# shower faucet valve leaking



## throne7 (Mar 12, 2010)

Hello, can someone please tell me what is the name and part# of this shower faucet stem cartridge? It is leaking profusely. The way it should work is that when I pull up on the stem all the water should be diverted to the shower head at the top. However as it is now, only half the water comes up and the rest just spills onto the floor shower stall. If possible please direct me to some photos on the web of what this stem looks like so I can get correct replacement from Home Depot(?). Thanks so much in advance


----------



## Stephen S. (Nov 23, 2009)

Just unscrew/pull it out, then go to HD or Lowes to get a new replacement for like 15 bucks ...


----------



## Just Bill (Dec 21, 2008)

Either there is a set screw under the bottom close to the wall or the whole spout unscrews, most unscrew. Fairly easy to replace if it unscrews. Those set screws are usually corroded tight. There is nothing repairable in the spout, you need a new one.


----------



## oh'mike (Sep 18, 2009)

Once you figure out weather it is screwed on to a threaded pipe --or pushed on over a copper stub-out and held on with an Allen set screw-- 

Go to a real plumbing supply house to get a replacement---I have had nothing but failure trying to use the replacement spouts at the box stores.
Expect to spend about $30.00 for a quality replacement.--Mike


----------



## ccarlisle (Jul 2, 2008)

I agree with Mike; many plumbing parts made for mass distribution through big box stores are manufactured to meet a price point, not performance, and so have interior plastic elements - that normally are metal. 

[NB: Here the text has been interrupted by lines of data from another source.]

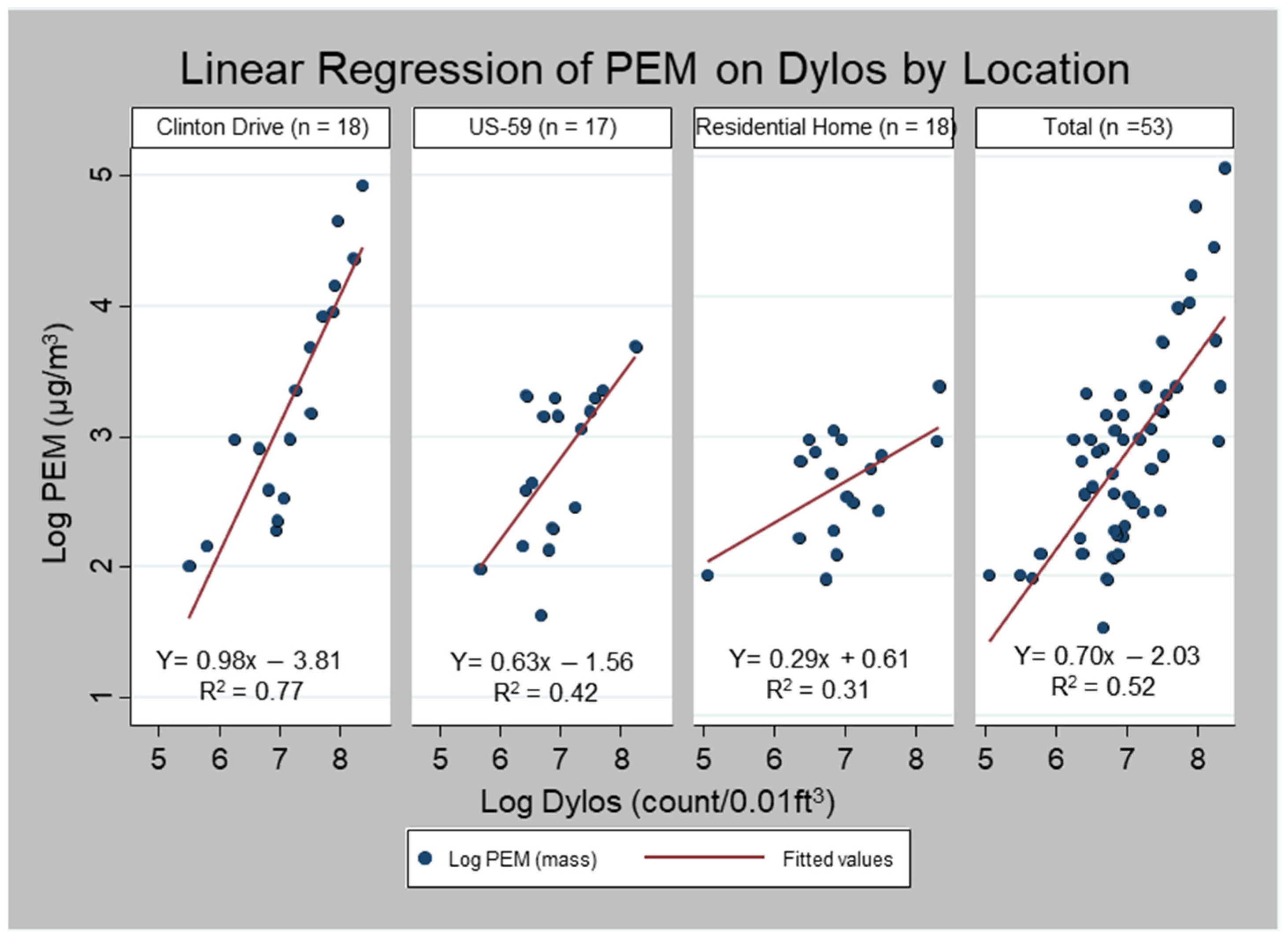 Ijerph 19 01086 g003 550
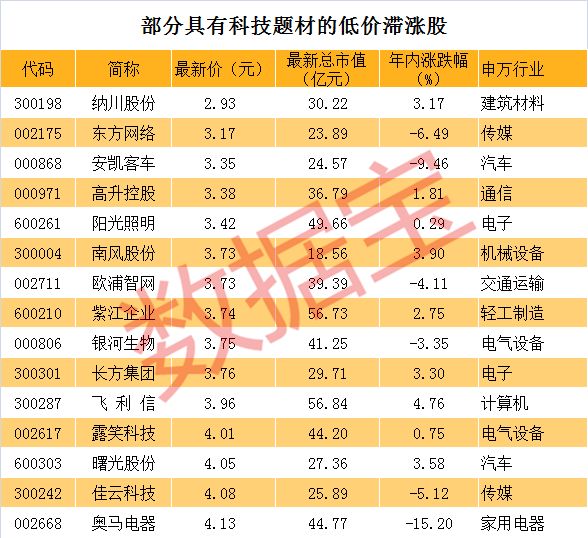 管家婆一票一码资料,科技成语分析落实_zShop93.772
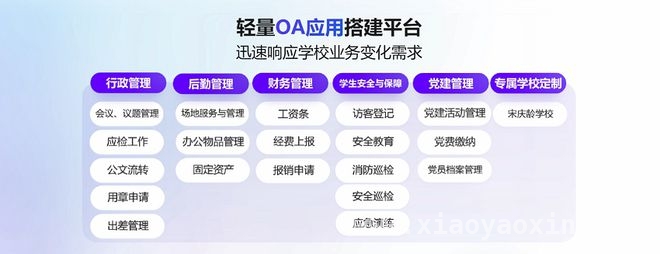 校宝智慧校园4.0发布，开启校园AI一体化新时代 校宝在线推出智慧校园4.0，打造高效协同校园生态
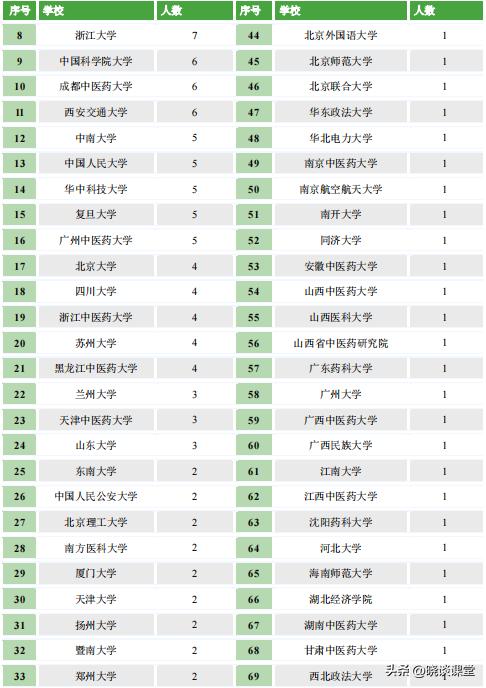 北京中医药大学2022年毕业生就业,北京中医药大学2022毕业生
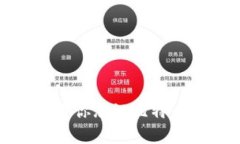 专家独家揭秘：当你忘记比特币钱包该怎么办？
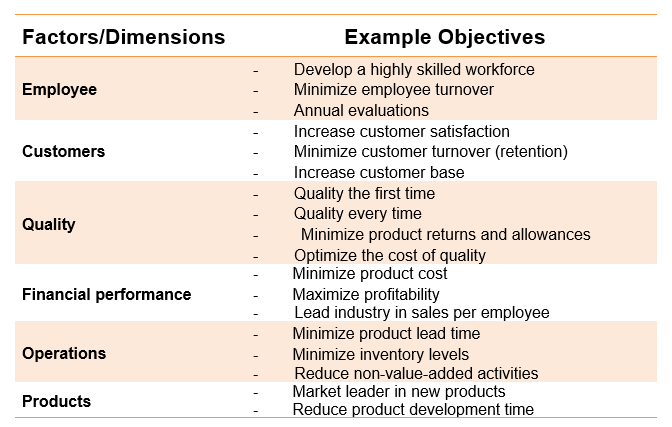 Factors Dimensions Example Objectives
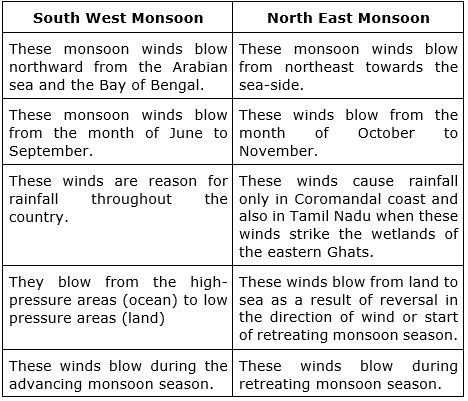 southwest monsoon has ended on an optimistic note, with 8% more rain, focus shifts to Northeast Monsoon.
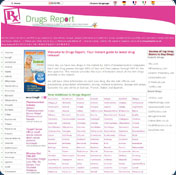 Medicia Drugs Report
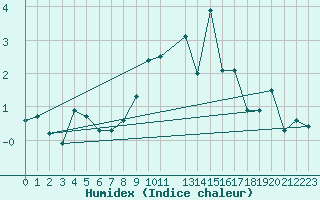 Courbe de l'humidex pour Stora Sjoefallet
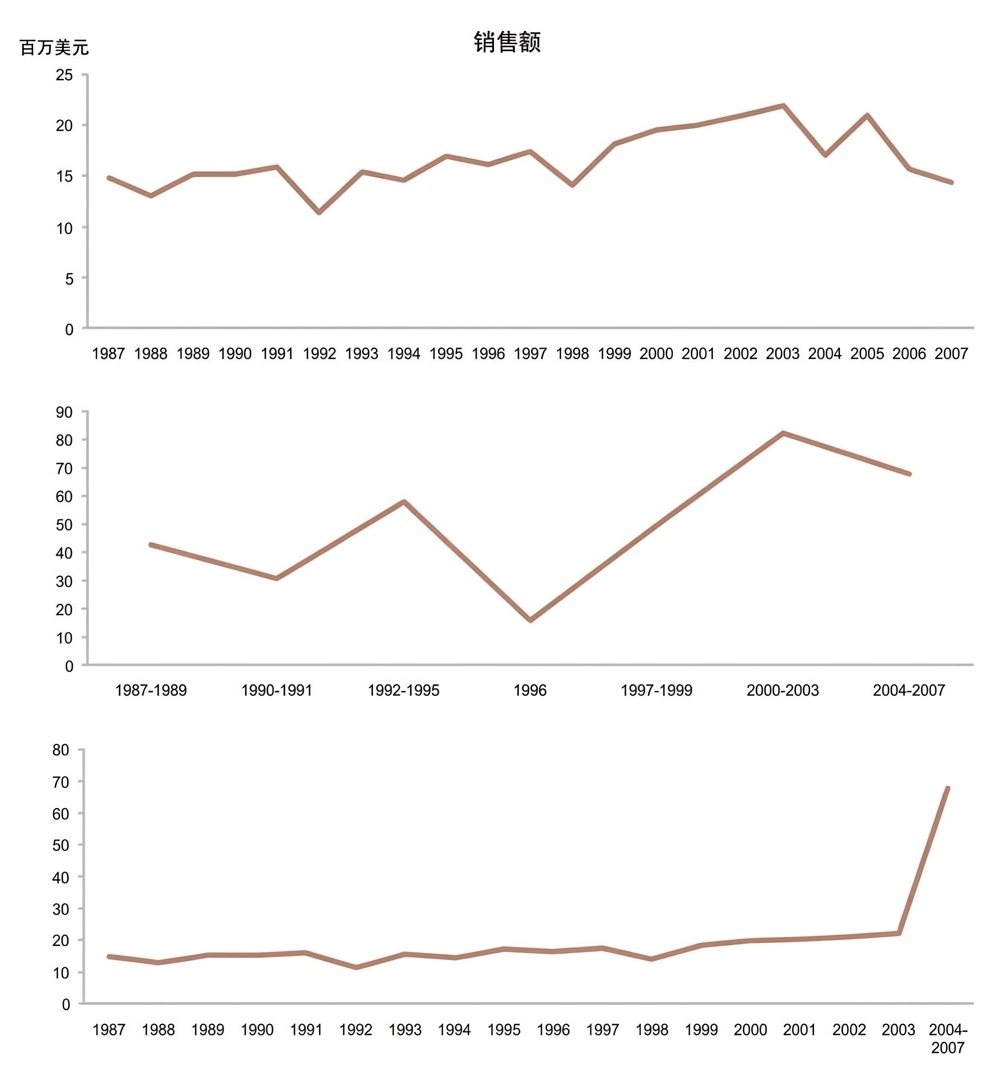左侧折线图各年份间距一致；右侧按年份间距不同，曲线更陡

In this case, the valve piece that slams shut when you lift the knob, is probably worn and doesn't seat right anymore. A new one will get you by for a few years but a good one will do better.


----------



## ClumsyCarpenter (Mar 10, 2010)

I had a similar problem in my shower where I believe the seal was starting to go bad, as when I would pull up the stopper it would emit an awful screeching noise unless I positioned the handle just right. It simply screwed off and a $27 later I had a replacement with no issues.

Be sure before you start twisting that there isn't a set screw.


----------



## albiechaser (Mar 8, 2010)

Hows the water pressure? Sometimes they leak if there's a lack of good water pressure.
if ya got a well, change the filter.

fun stuff lol


----------